Have you tried PrincipalValue->True in Mathematica's Integrate?
In addition to Daniel's observation about integrating an odd integrand over a symmetric range (so that symmetry indicates the result should be zero), you can also do this to understand its convergence better (I'll use latex, writing this out with pen and paper should make it easier to read; it took a lot longer to write than to do, it's not that complicated):
First, epsilon(x)-\epsilon(y)\propto\cos(y)-\cos(x)=2\sin(\xi_+)\sin(\xi_-) where I have defined \xi_\pm=(x\pm y)/2 (so I've rotated the axes by pi/4). The region of integration then is \xi_+ between \pi/\sqrt{2} and -\pi/\sqrt{2} and \xi_- between \pm(\pi/\sqrt{2}-\xi_-). Then the integrand takes the form \frac{1}{\sin^2(\xi_-)\sin^2(\xi_+)} times terms with no divergences. So, evidently, there are second-order poles, and this isn't convergent as presented.
Perhaps you could email the persons who obtained an answer with the cos term and ask what precisely it is they did. Perhaps there's a physical regularisation procedure being employed. Or you could have given more information on the physical origin of this (some sort of second order perturbation theory for some sort of bosonic system?), had that not been off-topic here...

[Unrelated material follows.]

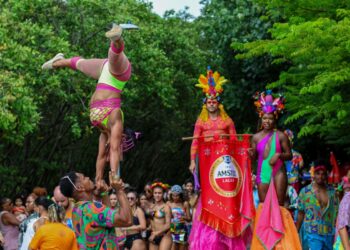 Pessoas felizes no carnaval de rua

May be I am missing something here, but the integrand
f[x,y]=Cos^2[(x+y)/2]*(n[x]-n[y])/(eps[x]-eps[y]) with n[x]=1/(1+Exp[Beta*eps[x]]) and eps[x]=2(a-b*Cos[x]) is indeed a symmetric function in x and y: f[x,-y]= f[-x,y]=f[x,y].
Therefore its integral over any domain [-u,u]x[-v,v] is zero. No numerical integration seems to be needed here. The result is just zero.